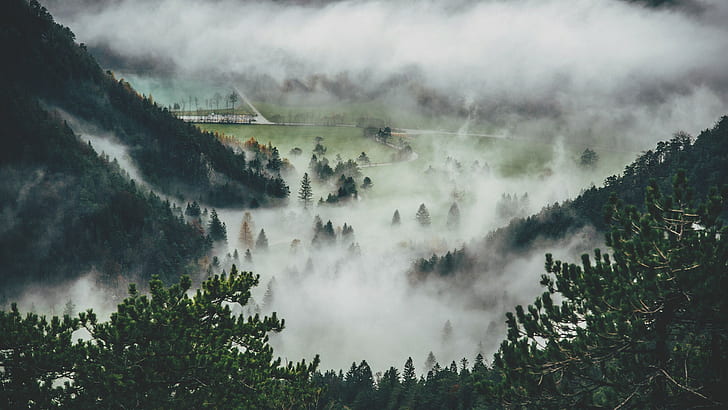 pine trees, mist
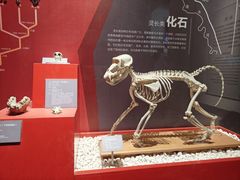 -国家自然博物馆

---

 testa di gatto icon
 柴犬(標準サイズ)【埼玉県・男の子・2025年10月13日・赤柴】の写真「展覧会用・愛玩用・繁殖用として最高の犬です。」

...

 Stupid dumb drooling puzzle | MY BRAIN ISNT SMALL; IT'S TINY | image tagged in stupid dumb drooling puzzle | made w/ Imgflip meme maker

What you should do » From the material above, set down exactly the lines starting at the one with "testa di gatto icon" and ending at the one with "柴犬(標準サイズ)【埼玉県・", end lines included.

Exercise response »
 testa di gatto icon
 柴犬(標準サイズ)【埼玉県・男の子・2025年10月13日・赤柴】の写真「展覧会用・愛玩用・繁殖用として最高の犬です。」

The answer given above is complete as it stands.